Even though you didn't have that hamster for very long, you gave him great care, a lot of love and a good home the last couple months of his life. I believe that animals know when they are loved, even our fisy friends.


----------



## fishyinpa (Dec 25, 2008)

Yup!


----------



## yamahog3187 (Jul 12, 2008)

I keep 1 male betta and 2 females in my community tank. There are also guppies, tetras, swords, hatchet fish, cats, ETC. Almost any NON - AGGRESSIVE fish can be kept with them as long as they arn't nippy! (Tiger Barbs are nippy!) Watch the females as they can be touchy when more then one are kept in the same tank.
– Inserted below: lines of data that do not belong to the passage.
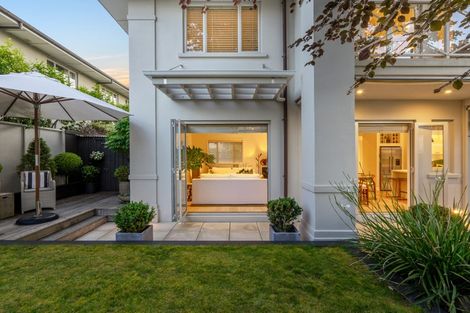 Photo of property in 2/43 Byron Avenue, Takapuna, Auckland, 0622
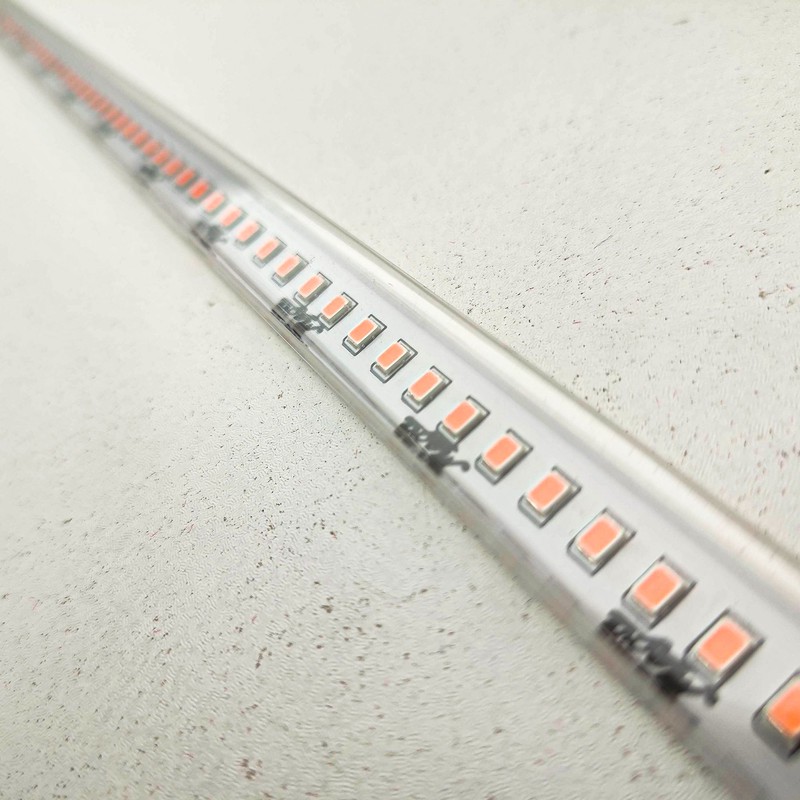 لامپ رشد گیاه 18 وات مدل فول اسپکتروم 220v طرح ریسه LED بسته 4 عددی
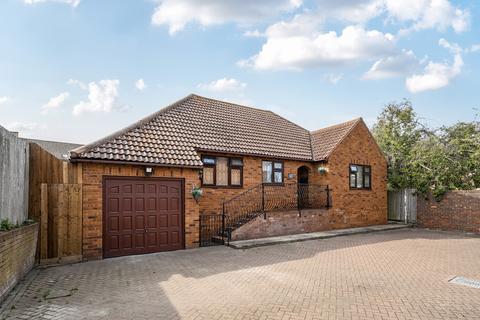 Herberts Court, High Street, Lower Stoke 3 bed bungalow for sale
If they get aggressive with each other, seperate them. I have found that the females don't do too bad when they were raised with other females, but if they are used to being seperated, THEY WILL FIGHT!! I have three females that have to be kept seperated or they will try to kill each other!! The rest of them think they are one big happy family!!!


----------



## veganchick (Jan 10, 2009)

so you ended up getting the cories!!! pandas are awesome! where did u find them?


----------



## fishyinpa (Dec 25, 2008)

Lol i posted over in the catfish forum. But i ended up going to an fish place down in philly.


----------



## jokerman43 (Feb 8, 2009)

I had a Cory and a Frog in with my Male Betta, and they all did well.


----------